Problem description: Everything from the line containing "Luxurious apartment complex" down to the last line below should be set down exactly, and only that, without the pictures.

Supplied information:
___

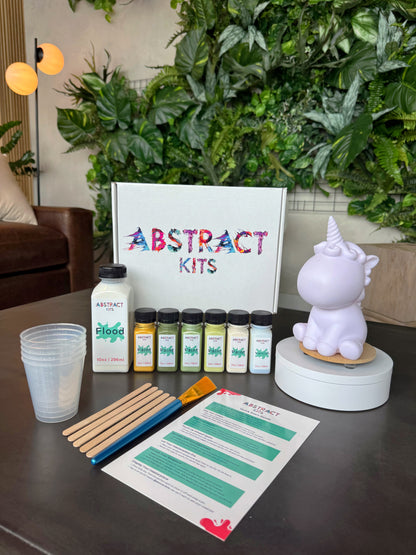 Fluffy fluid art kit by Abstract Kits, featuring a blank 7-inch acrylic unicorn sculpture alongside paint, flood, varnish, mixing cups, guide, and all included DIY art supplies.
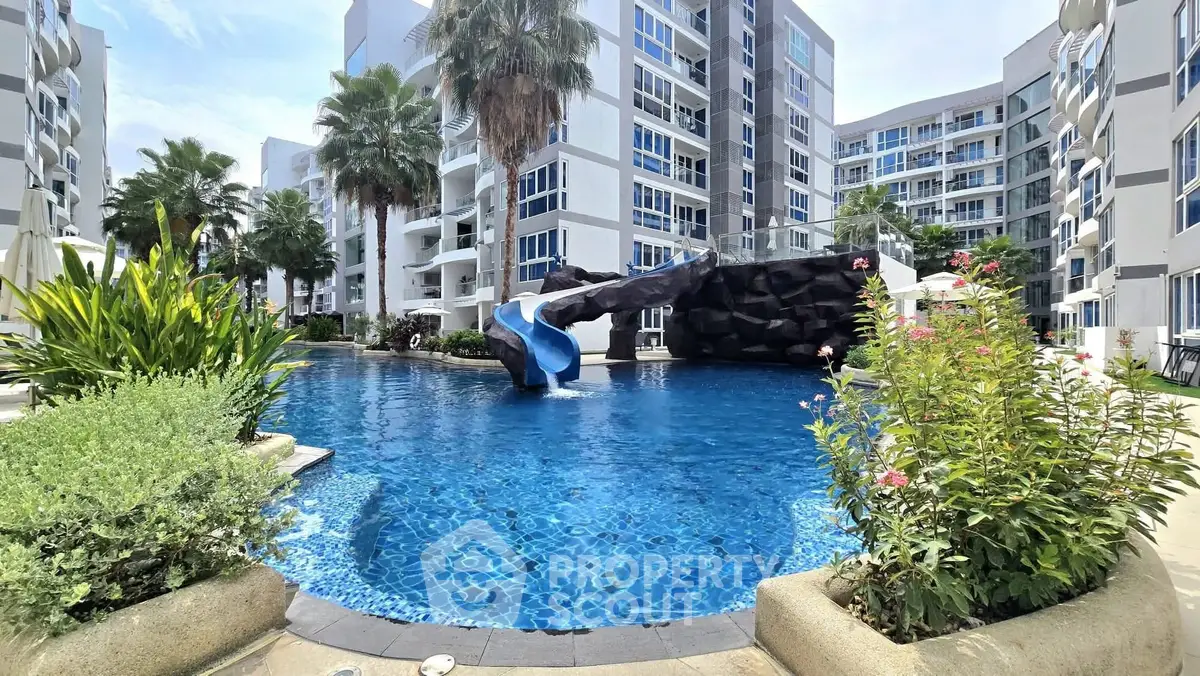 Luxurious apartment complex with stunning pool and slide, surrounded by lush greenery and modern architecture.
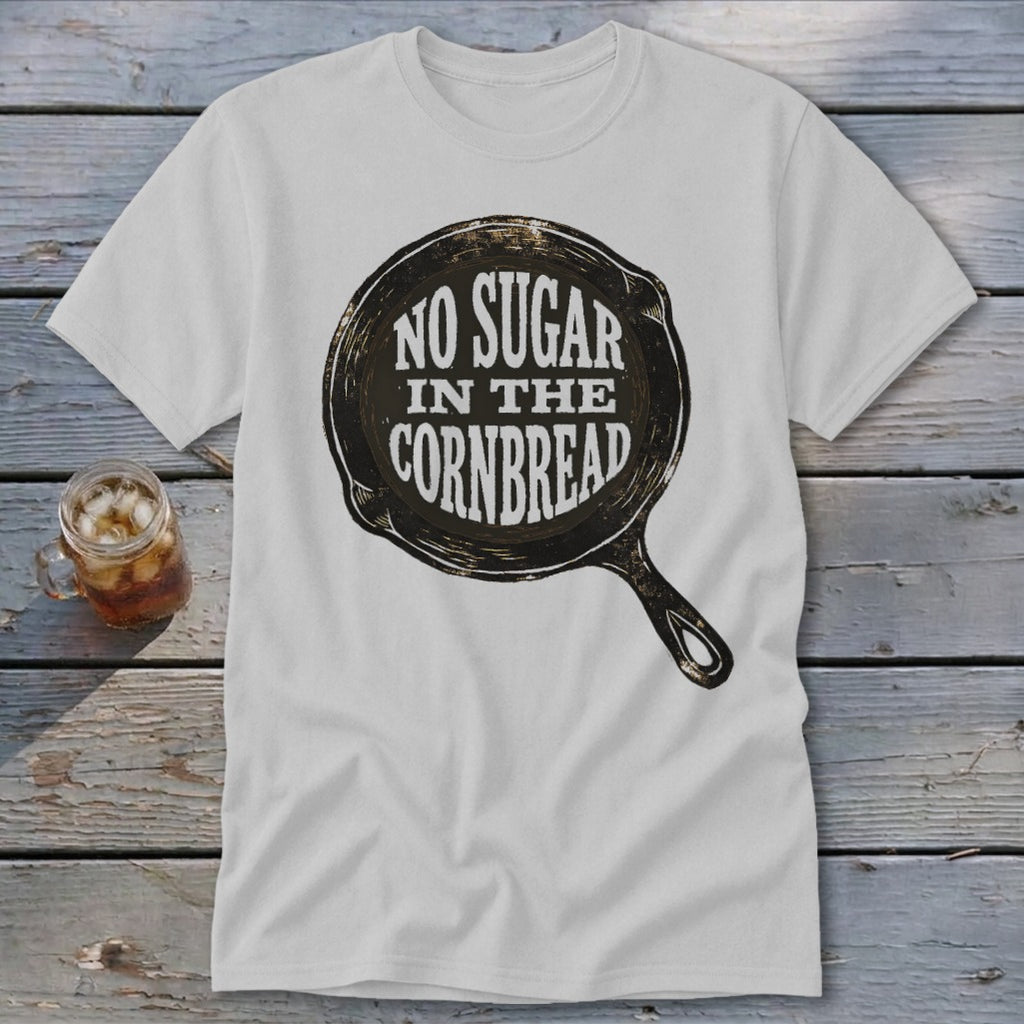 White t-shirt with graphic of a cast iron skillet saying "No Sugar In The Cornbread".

___

Response to this task:
 Luxurious apartment complex with stunning pool and slide, surrounded by lush greenery and modern architecture.
 White t-shirt with graphic of a cast iron skillet saying "No Sugar In The Cornbread".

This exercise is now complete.